# 99 Sentra 1.6L - P0400 question, motor turns, but doesn't catch



## javelina1 (Mar 23, 2008)

Hello group, need a little guidance. Having issues with my Daughter's Sentra. It's throwing a P0400 code. 

I was able to take off the EGR Value, clean it up, etc. The diaphragm actuates just fine, using a hand pump.

The engine turns over, and sounds like it wants to catch. But doesn't quite get there. I've turned it over with the accelerator floored, and still no go. 

The O2 sensor is fairly new, replaced about 6 months ago.

Also, I have this issue too. See the link. http://www.nissanforums.com/b14-95-99-chassis/164964-help-pics-inside.html

That hose that I presume goes to the EGRC-BPT is completely gone. And for the life of me, I can't find the EGRC-BPT valve in the first place. :-(

The motor turns over, is almost catching, but ultimately doesn't. 

Any suggestions?

TIA,
-Jav


----------



## javelina1 (Mar 23, 2008)

as a stab, and thinking it was flooded, I pulled the fuel pump fuse. Then motored it over three separate times, for about 5/10 seconds. Put the fuse back in, and tried to start it. No luck....

-Jav


----------



## javelina1 (Mar 23, 2008)

also, managed to find the EGRC-BPT. And ran a new hose between it and the EGR. Used some carb cleaner on the throttle innards, etc.

engine spins, but doesn't fire. I cleared the P0400 code. and have tried spinning the motor several times. No catch, and no new code....

bummer...

-Jav


----------



## LvR. (May 26, 2010)

Overheated?

Compression test - what's the values you got for the individual cylinders?


----------



## jdg (Aug 27, 2009)

Make sure you've actually got spark in the first place. Pull a plug out, leave the wire hooked up, place the tip near something metal so you get a good ground and crank it over to see if you've actually got spark.
I'm guessing you used the carb cleaner to see if the engine would try to fire on that to rule out not getting any fuel?


----------



## javelina1 (Mar 23, 2008)

jdg said:


> Make sure you've actually got spark in the first place. Pull a plug out, leave the wire hooked up, place the tip near something metal so you get a good ground and crank it over to see if you've actually got spark.
> I'm guessing you used the carb cleaner to see if the engine would try to fire on that to rule out not getting any fuel?

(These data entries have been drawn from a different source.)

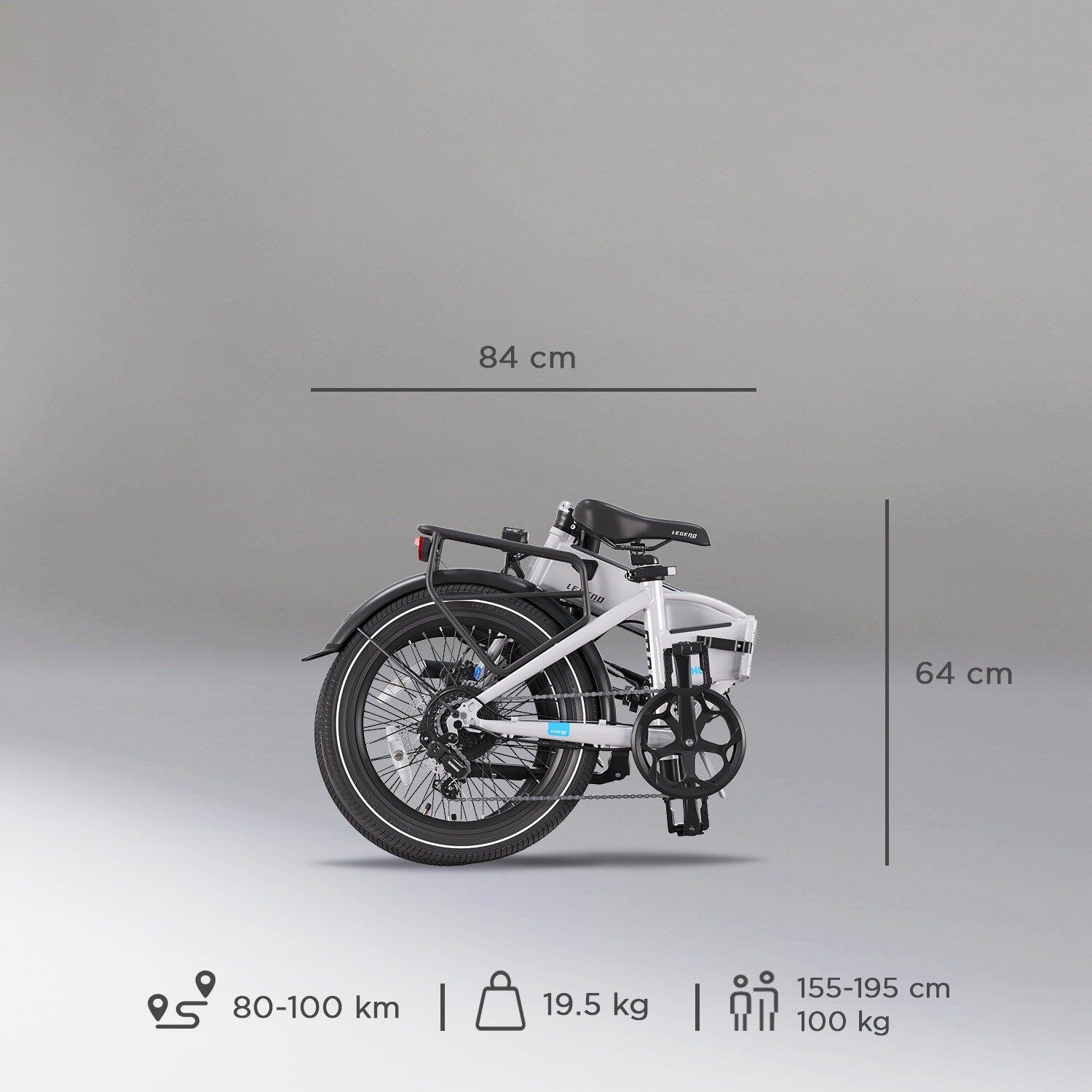 Bicicletta Pieghevole Elettrica 20" - Legend Monza 14Ah Silver 2/9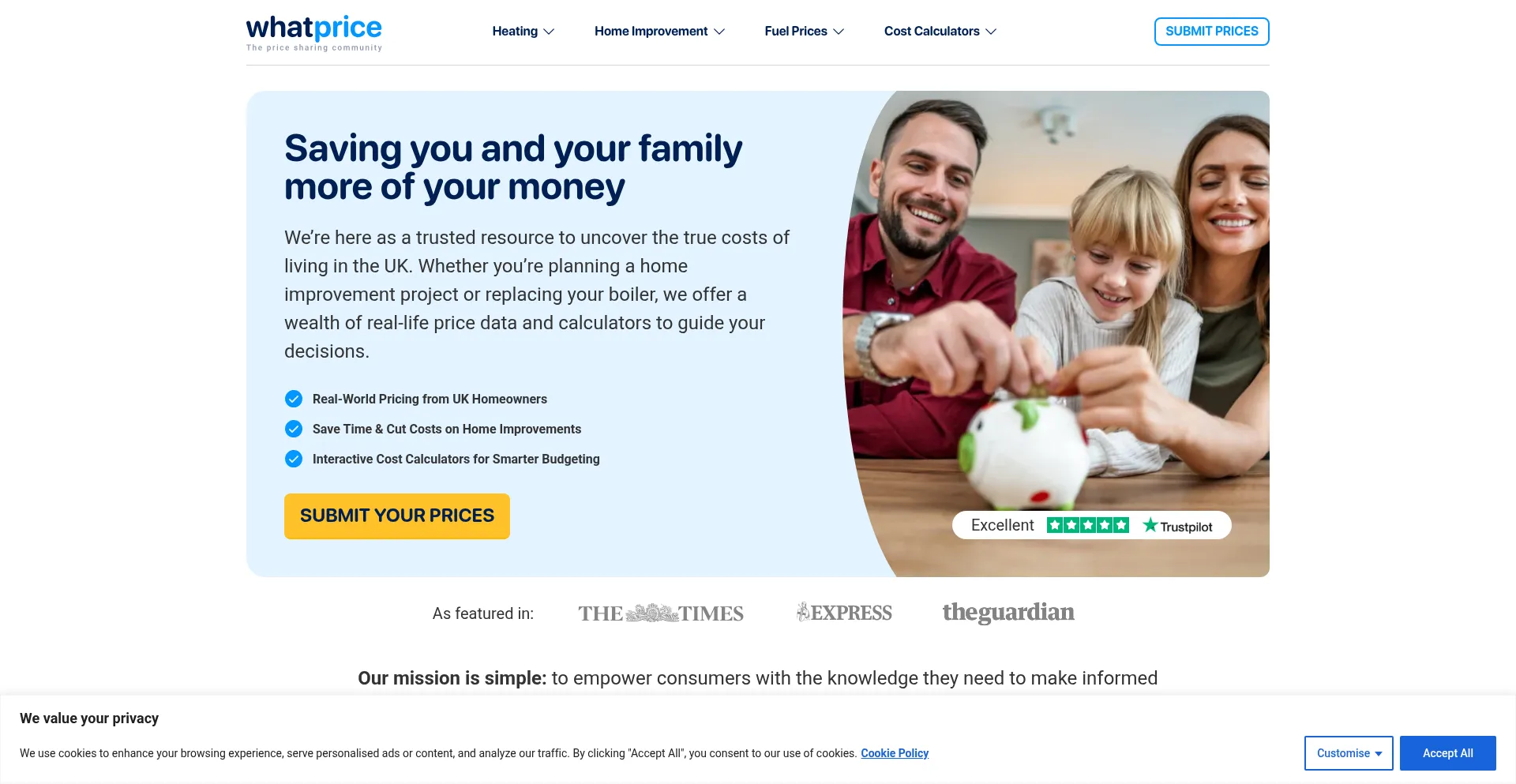 Website screenshot of Whatprice.co.uk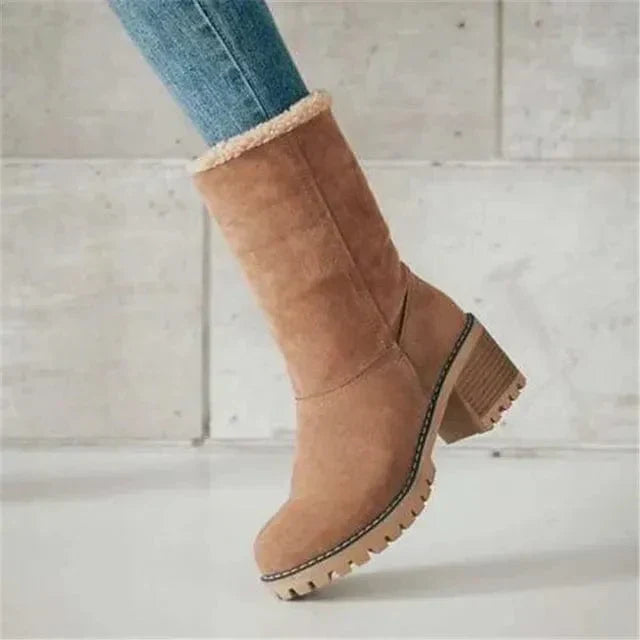 Boots for Women | Mid-calf Block Heel Lug Sole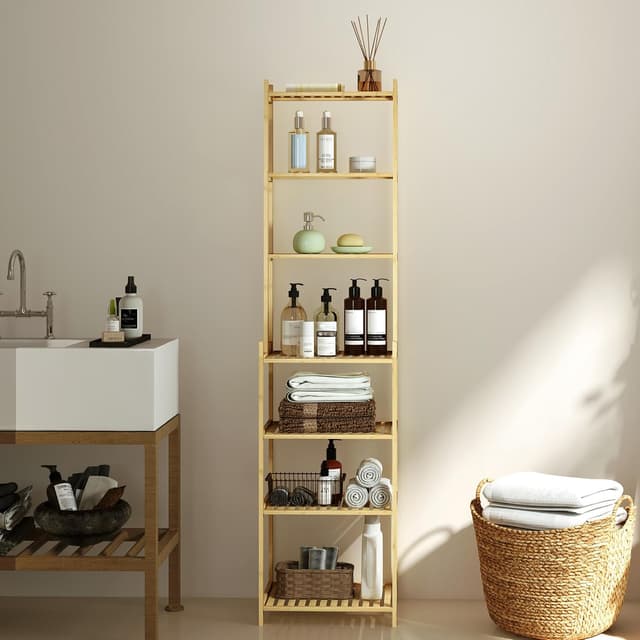Thumbnail 6 de HOMCOM Étagère Salle de Bain 7 Niveaux Bambou Bois Naturel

I'll try spraying some carb cleaner in the inlet first, to see if it fire with that. Though I do smell fuel when I've pump the accelerator.

I'll disconnect the fuel pump fuse, motor it over a couple times, and then pull a plug to check for spark. 

I'll post back with results. 

TIA,

-Jav


----------



## javelina1 (Mar 23, 2008)

All fixed! 

I popped the distributor cap and notice the rotor was spinning freely. The retaining screw had come completely off, and was flailing around inside the cap. I went ahead and bought a new cap and rotor, and the car fired right up.

the cool thing is, I also found the vacuum line of where to connect the EGR to the EGRC-BPT. So that should solve the endless P0400 codes. Fingers crossed.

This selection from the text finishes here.